Combats de vaches dans une Hanse qui a réussi


Or donc, dans une semaine,  la Suisse ne célébrera pas un événement ni un texte fondateurs, mais se célébrera elle-même. Non telle qu'elle est, mais telle qu'elle veut se voir. Le 1er août, c'est la célébration d'une Suisse à jamais morte, à supposer qu'elle ait même jamais été vivante : la Suisse du «  peuple des bergers, libre sur sa terre » (haute et féconde). Une Suisse rupestre, alpestre, agreste. Tribale. La Suisse du hornuss, de la lutte au caleçon (même à Vernier), du cor des Alpes, de la pierre d'Unspunnen (même aux Bains des Pâquis), des combats de vaches d'Herens (même sur la Plaine de Plainpalais et des commissions municipales de naturalisation (même en Ville de Genève)...

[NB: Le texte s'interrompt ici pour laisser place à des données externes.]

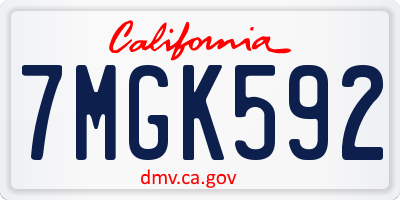 CA license plate 7MGK592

La Suisse se rêve comme village et n'aime toujours pas ses villes, mais le pays des Suisses change sans que les Suisses l'admettent : on est passé d'un pays de petites villes au milieu d'une grande campagne (de plaine ou de montagne) à un pays de villes encerclant des campagnes en partie protégées, et pour leur partie non protégée, grignotées par les villes. Les anciens espaces ruraux, désormais peuplés essentiellement d'urbains fuyant les villes mais ne renonçant à aucun des avantages qu'elles leur procurent, n'ont en réalité plus grand chose de rural et lorsqu'y résonnent encore le bruit des cloches du bétail, les nouveaux résidents portent plainte contre les derniers paysans...

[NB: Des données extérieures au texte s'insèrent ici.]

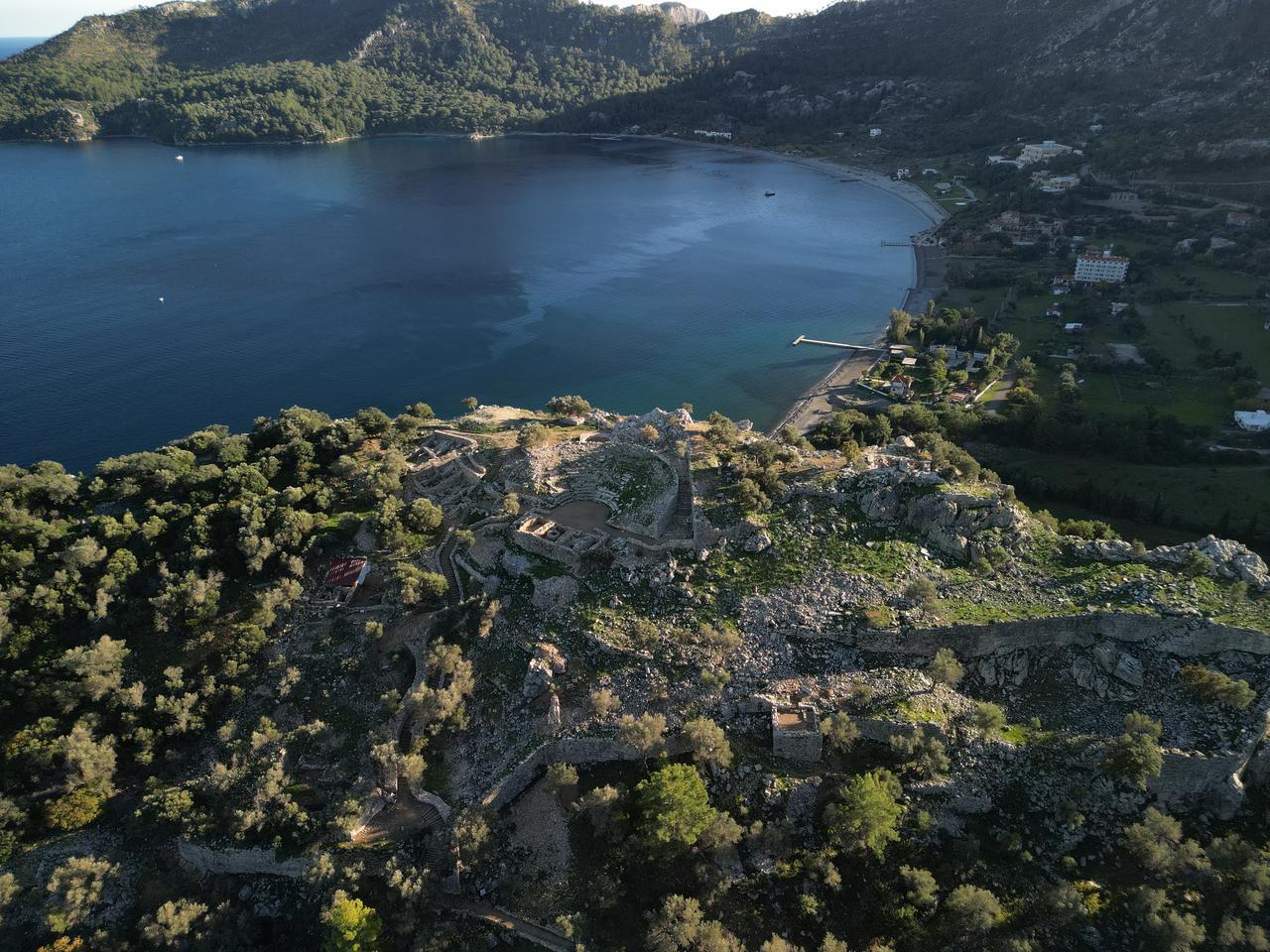 An aerial view of the 2,200-year-old Amos ancient city in the Marmaris district of Mugla, Türkiye, Dec. 30, 2025. (AA Photo)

La Suisse du 1er août, même célébrée par les nôtres, n'est pas la nôtre; elle n'est pas cette «Hanse qui a réussi» que décrit le géographe Jacques Lévy : un réseau de villes, «  une société urbaine, combinaison entre un réseau de petites principautés et des villes ».

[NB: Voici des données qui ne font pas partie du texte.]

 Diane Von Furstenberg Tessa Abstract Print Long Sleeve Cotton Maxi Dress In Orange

« Ce que nous ne voulons pas, c'est le funeste mélange que l'on commence à voir autour de nos villes, à savoir ces villages à moitié urbanisés et ces centres à moitié villageois », écrivait Max Frisch en 1955... soixante ans plus tard, on y est, dans ces villes qui ne nient comme telles et ces villages qui n'en sont plus... et c'est toujours sur le rêve d'une sorte de « ville campagnarde» que se construit un certain discours écologiste anti-urbain, rendant encore difficile la nécessaire alliance des écolos et des urbains amants de la ville... La nostalgie rupestre, le stéréotype de la Suisse montagnarde, le rêve sam'suffiste, teinté d'une couche d'écologisme pour classes moyennes, ont concouru à l'étalement périurbain, bouffeur d'espace, dévoreur de terres agricoles, multiplicateur de déplacements pendulaires... et de votes à droite (pour résumer : les villes centre, peuplées de locataires se déplaçant en transports publics, votent à gauche, leurs couronnes résidentielles peuplées de propriétaires se déplaçant en bagnole votent à droite, et entre les deux prospèrent les populismes xénophobes...

Alors, braves gens qui allez après-demain faire résonner vos pétards, expédier vos fusées, allumer vos lampions : vous célébrerez ce 14 Thermidor un événement qui n'a jamais eu lieu et un pays qui n'existe plus, dans un pays qui ne veutz pas se voir tel qu'il est... Une fois par an vous en avez bien le droit (surtout quand ce jeûne de la conscience politique tombe comme cette année, en plein Ramadan... après tout, la Constitution fédérale et le Coran  commencent par les mêmes mots...) mais au lendemain de cette fête nostalgique, la réalité nous rattrapera  : elle ne nous offre jamais que le choix de nous y soumettre ou de la changer.